→ **YOUR ASSIGNMENT**
The answer must be every line below that contains the string "with".

→ **GIVEN RECORDS**

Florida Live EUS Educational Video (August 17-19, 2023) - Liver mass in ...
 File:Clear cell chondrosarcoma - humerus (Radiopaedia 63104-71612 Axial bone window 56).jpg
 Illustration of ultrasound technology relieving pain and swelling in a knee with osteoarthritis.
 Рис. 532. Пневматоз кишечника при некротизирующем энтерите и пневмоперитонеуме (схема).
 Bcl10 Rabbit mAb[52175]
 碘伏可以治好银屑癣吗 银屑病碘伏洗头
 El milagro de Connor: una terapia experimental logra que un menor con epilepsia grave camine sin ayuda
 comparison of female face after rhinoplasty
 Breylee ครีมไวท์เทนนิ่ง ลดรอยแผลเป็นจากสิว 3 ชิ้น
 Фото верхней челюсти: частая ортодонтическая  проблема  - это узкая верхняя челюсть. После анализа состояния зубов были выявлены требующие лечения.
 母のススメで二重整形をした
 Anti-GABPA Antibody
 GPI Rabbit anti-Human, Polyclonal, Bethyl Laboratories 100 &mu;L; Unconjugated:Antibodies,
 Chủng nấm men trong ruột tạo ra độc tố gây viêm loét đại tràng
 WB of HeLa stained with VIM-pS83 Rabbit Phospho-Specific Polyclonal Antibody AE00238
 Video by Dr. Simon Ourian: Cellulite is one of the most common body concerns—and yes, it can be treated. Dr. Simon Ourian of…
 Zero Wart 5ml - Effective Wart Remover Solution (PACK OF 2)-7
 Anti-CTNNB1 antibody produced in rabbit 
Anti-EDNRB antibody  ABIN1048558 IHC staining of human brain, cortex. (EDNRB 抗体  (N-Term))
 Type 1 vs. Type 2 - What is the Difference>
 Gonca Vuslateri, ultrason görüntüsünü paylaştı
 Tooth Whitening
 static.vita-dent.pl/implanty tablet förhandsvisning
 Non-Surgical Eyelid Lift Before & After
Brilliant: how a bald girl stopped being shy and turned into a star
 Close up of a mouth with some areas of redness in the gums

→ **SOLUTION TO THIS TASK**
 Illustration of ultrasound technology relieving pain and swelling in a knee with osteoarthritis.
 WB of HeLa stained with VIM-pS83 Rabbit Phospho-Specific Polyclonal Antibody AE00238
 Close up of a mouth with some areas of redness in the gums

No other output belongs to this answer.